In December of 2013, I finally made the move to buy a new vehicle, as my car that I’d had since 2002 decided it was in need of a break. I purchased the vehicle, was initially excited then eventually started having trouble out of it that I shall not discuss as to not revisit those lovely emotions I experienced. While to some, the issue I had might have appeared minuscule. To me it was major enough. My first thought was, “Drats, I wish I could just go back to my old car.” But I couldn’t, so I didn’t. I then entertained the gamut of wild and rapid questions like, “How will I afford to pay for it?”, “How can I pay insurance on two cars?”, “Where will I get money for gas?”

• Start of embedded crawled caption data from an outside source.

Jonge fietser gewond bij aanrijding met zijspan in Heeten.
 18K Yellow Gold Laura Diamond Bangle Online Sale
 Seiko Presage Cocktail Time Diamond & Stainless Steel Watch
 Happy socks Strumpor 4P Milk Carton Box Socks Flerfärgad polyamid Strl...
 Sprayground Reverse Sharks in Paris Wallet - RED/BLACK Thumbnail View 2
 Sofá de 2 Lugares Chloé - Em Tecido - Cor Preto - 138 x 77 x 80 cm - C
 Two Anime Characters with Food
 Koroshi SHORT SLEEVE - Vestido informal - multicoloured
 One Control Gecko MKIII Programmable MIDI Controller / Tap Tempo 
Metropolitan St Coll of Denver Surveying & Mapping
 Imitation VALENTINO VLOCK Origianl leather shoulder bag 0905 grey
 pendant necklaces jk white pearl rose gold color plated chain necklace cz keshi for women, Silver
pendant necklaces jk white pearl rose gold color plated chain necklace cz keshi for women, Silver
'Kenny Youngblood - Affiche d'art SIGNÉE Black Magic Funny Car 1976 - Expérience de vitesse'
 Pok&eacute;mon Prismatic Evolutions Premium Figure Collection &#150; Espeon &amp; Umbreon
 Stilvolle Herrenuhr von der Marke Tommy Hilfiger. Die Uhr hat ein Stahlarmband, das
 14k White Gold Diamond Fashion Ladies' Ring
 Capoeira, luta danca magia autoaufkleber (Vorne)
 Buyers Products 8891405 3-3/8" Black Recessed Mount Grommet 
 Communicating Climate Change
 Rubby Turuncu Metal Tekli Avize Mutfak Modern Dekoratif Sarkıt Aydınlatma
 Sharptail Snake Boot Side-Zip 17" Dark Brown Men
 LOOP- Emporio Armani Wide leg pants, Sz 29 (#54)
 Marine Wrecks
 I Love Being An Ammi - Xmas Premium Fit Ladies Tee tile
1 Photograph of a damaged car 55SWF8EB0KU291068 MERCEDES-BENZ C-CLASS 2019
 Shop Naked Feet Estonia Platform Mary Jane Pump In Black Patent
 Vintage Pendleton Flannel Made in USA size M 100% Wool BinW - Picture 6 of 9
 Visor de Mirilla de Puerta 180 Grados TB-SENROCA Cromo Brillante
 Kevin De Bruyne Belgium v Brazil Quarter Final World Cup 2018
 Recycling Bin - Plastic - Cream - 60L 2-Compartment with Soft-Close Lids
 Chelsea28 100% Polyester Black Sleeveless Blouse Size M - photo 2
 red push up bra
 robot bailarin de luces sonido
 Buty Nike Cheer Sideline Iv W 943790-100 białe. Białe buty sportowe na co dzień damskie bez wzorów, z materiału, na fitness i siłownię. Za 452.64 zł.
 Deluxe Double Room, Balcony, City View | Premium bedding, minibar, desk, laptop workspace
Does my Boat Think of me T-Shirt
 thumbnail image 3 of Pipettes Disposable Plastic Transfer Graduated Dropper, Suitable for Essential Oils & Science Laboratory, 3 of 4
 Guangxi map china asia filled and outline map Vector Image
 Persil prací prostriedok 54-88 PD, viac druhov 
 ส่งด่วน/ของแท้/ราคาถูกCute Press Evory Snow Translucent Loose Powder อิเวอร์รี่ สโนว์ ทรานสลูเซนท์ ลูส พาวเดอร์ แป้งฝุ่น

I pressed on and drove the newer vehicle, grateful that I had the credit to buy it and growing in certainty that the Lord was going to give me the monthly cash to keep it. When the 2014 winter storms hit I was stuck in downtown Birmingham, AL more than 35 miles from my home. As with many, I glided and was guided by guardian angels who allowed me to make it to my godmothers house just 10 miles away. It took four hours just to get 10 miles. As I was taking off my boots in the warm comfort of the room I used to nap in as a child when I was sick (or pretended to be sick) I thought about how much worse my drive to Powderly could have been had I been in my old car rather than my newer, bigger, and safer truck. I realized then that a blessing is a blessing even when it doesn’t feel like it. God knew I would need that truck, and no matter how much I tried to go back to what was He wouldn’t let me.
Fast-forward to now, and I’m in the throes of revisiting some tough choices that many might not have understood (many meaning me too) and having recently made some difficult decisions personally that I believe with my whole heart are in my best interest and will pay off for me in the end. And yes, it feels like these choices are bringing along companions that would like nothing more than to drench my dreams with doubt and a splash of “you know you should have just kept things the way they were”, but I have to believe that these decisions too, are a blessing. I have to believe, and I do, that like the newer truck that I tried to give back not one, not two but three times, these choices will one day help guide and glide me safely to where I’m supposed to be with an AWESOME, AWESOME story attached.